Provided entries:
▼▼▼

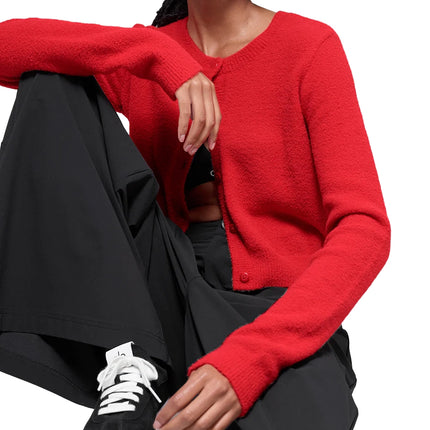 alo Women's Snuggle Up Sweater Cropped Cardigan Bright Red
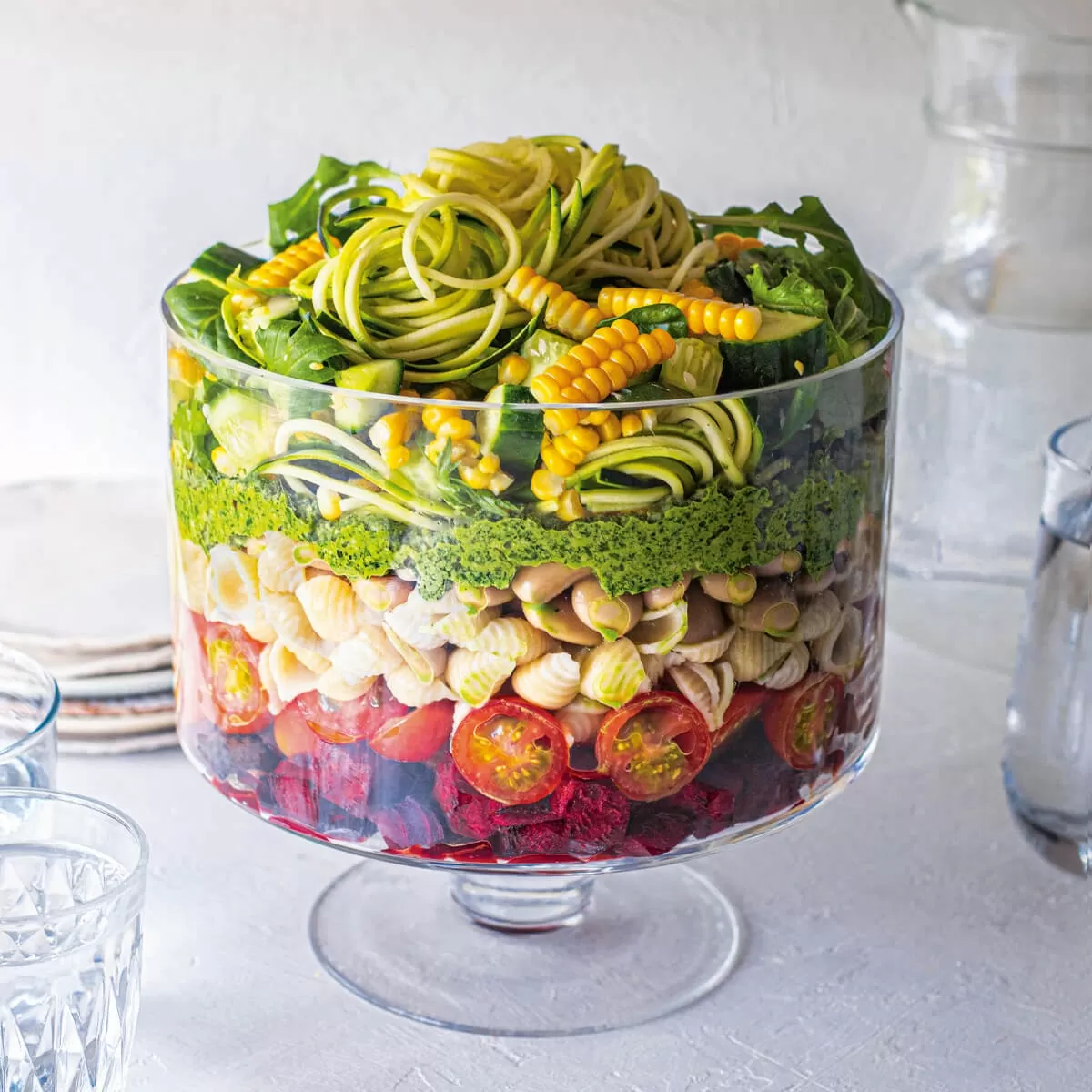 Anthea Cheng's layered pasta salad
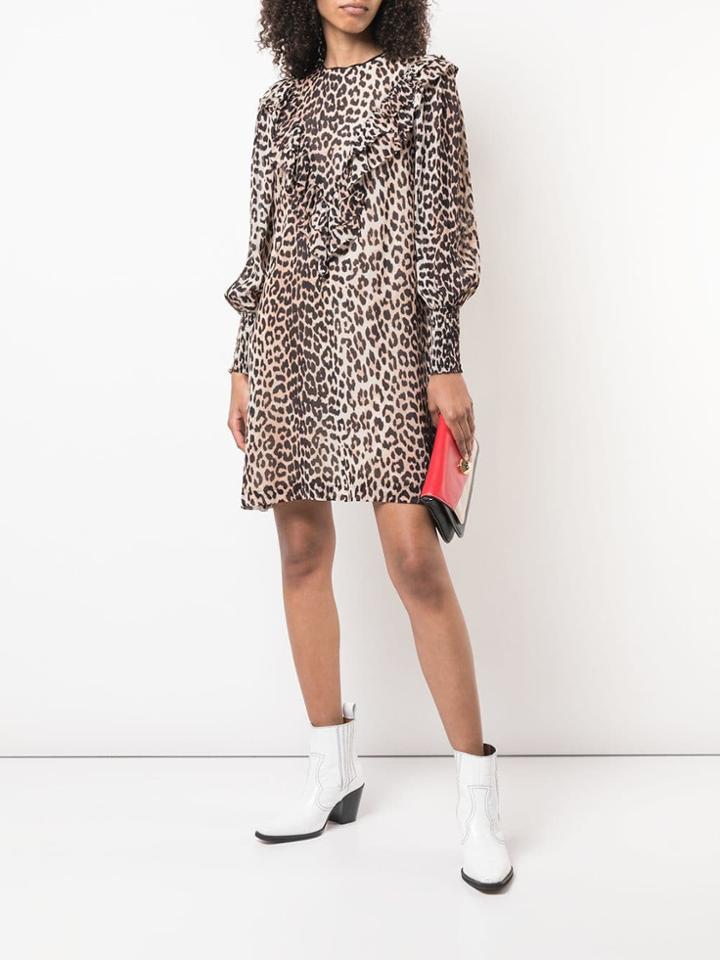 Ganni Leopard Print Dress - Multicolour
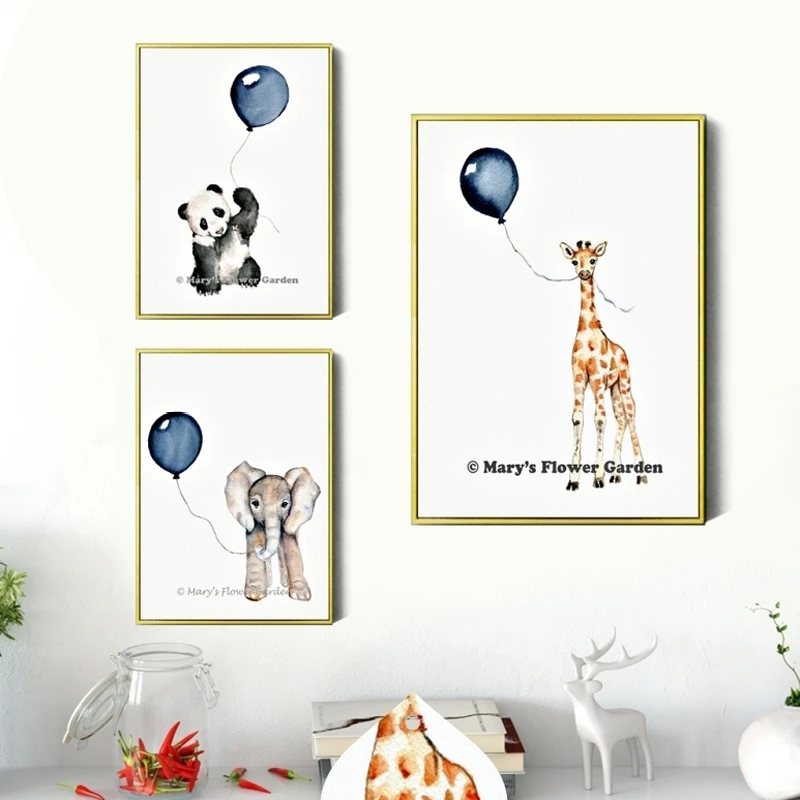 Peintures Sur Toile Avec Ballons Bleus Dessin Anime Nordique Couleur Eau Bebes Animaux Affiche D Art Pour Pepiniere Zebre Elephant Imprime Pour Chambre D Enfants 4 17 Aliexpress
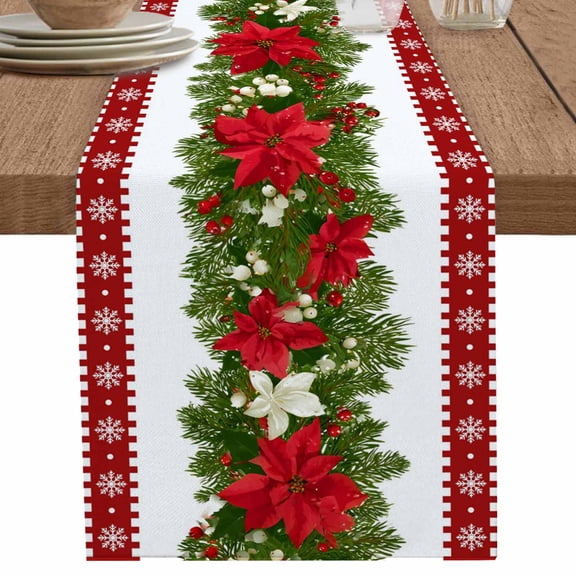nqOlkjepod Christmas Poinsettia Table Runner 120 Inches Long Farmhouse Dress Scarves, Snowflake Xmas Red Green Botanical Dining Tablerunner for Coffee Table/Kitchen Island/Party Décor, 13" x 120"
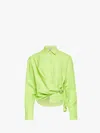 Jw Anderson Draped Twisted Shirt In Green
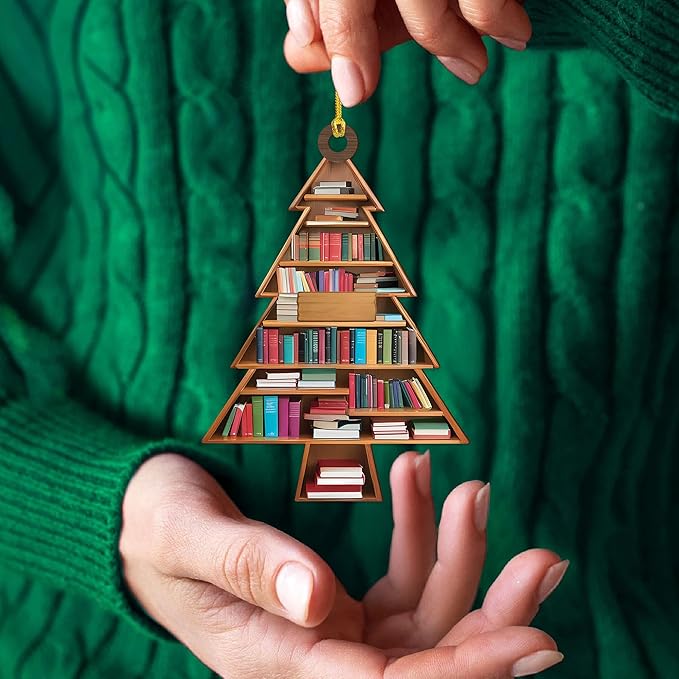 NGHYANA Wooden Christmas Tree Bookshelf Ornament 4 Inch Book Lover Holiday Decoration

▲▲▲
▼▼▼

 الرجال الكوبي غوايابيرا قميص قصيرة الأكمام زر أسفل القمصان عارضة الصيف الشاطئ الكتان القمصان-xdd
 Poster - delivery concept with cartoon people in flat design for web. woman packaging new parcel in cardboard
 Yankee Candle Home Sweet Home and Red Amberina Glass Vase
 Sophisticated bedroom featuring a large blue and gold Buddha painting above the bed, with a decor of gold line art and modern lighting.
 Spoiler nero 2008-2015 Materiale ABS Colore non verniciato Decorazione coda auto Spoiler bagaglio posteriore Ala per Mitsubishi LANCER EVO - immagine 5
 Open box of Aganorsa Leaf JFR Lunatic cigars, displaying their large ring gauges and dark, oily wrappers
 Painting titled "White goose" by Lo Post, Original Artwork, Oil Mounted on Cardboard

▲▲▲
▼▼▼

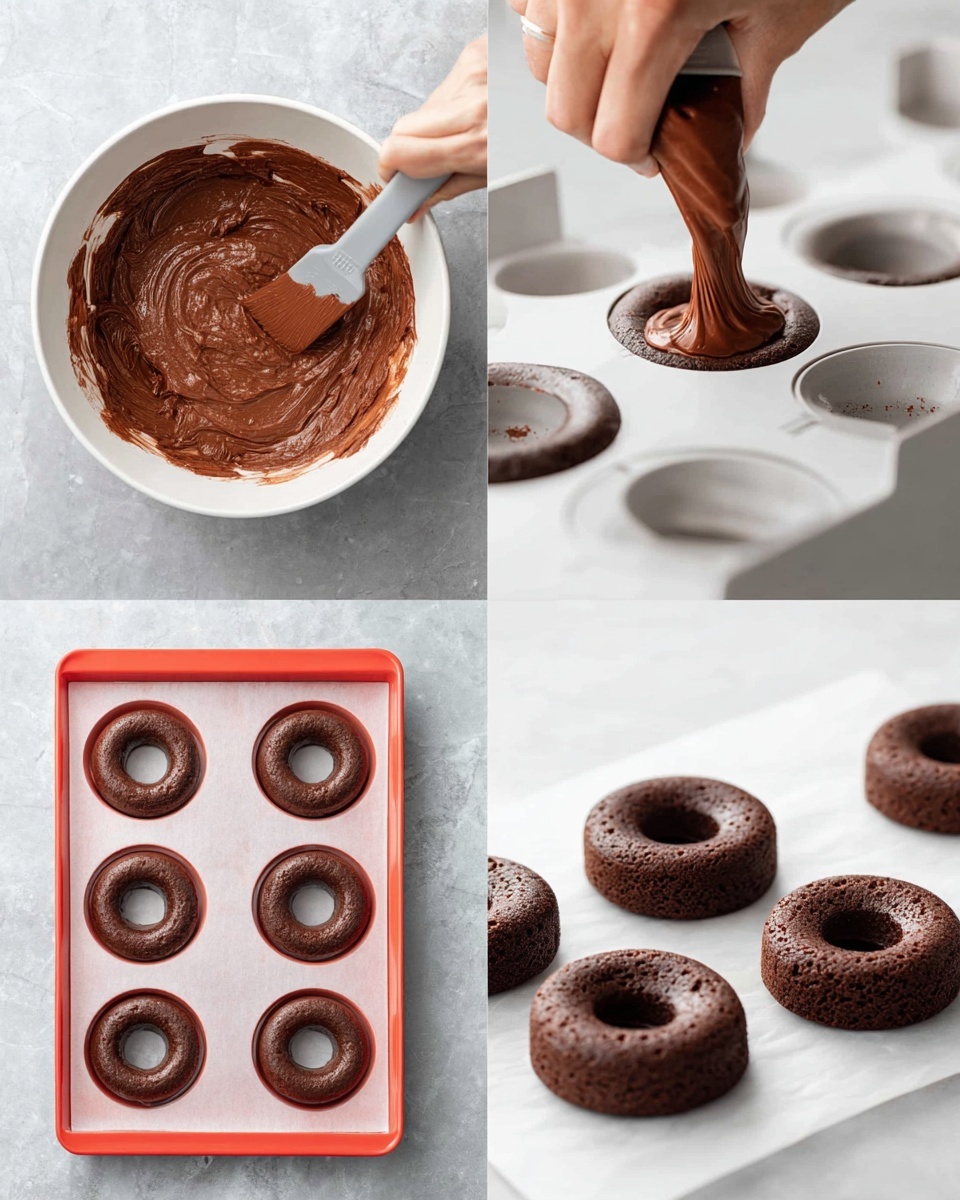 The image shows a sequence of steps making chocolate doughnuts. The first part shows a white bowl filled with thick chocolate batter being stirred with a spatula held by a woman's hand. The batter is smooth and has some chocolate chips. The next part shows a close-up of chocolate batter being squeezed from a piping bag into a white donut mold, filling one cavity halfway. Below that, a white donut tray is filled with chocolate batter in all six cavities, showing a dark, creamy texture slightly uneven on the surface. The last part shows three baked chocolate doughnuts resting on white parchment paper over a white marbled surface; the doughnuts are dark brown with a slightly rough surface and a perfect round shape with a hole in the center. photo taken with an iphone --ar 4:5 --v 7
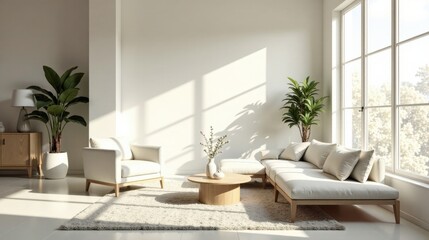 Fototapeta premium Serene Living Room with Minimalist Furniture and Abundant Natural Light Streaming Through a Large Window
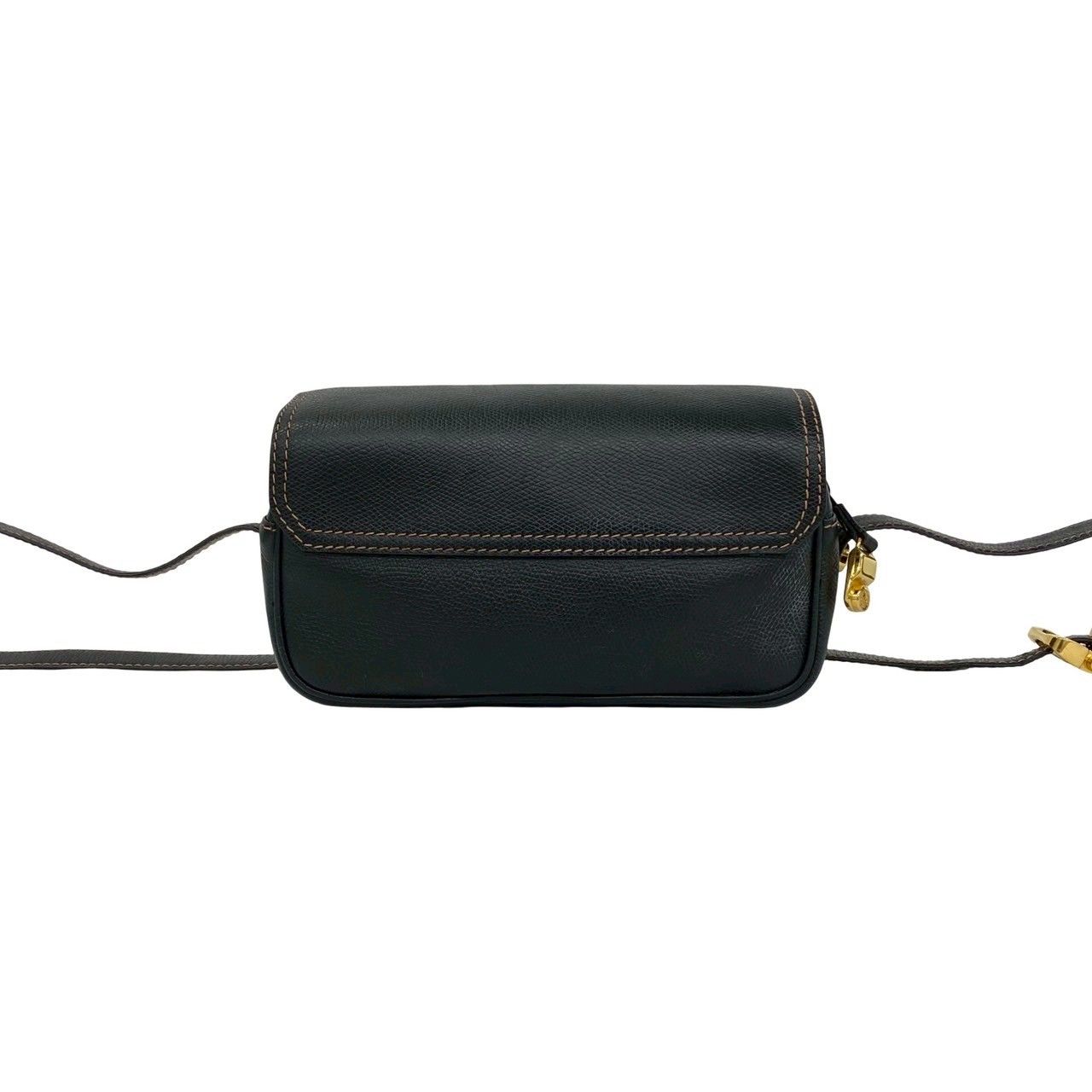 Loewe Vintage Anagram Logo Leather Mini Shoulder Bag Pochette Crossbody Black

▲▲▲

Each line above from the one containing "Fototapeta premium Serene" through the one containing "Loewe Vintage Anagram" is to be returned verbatim. Nothing else, and no pictures.

Task answer:
 Fototapeta premium Serene Living Room with Minimalist Furniture and Abundant Natural Light Streaming Through a Large Window
 Loewe Vintage Anagram Logo Leather Mini Shoulder Bag Pochette Crossbody Black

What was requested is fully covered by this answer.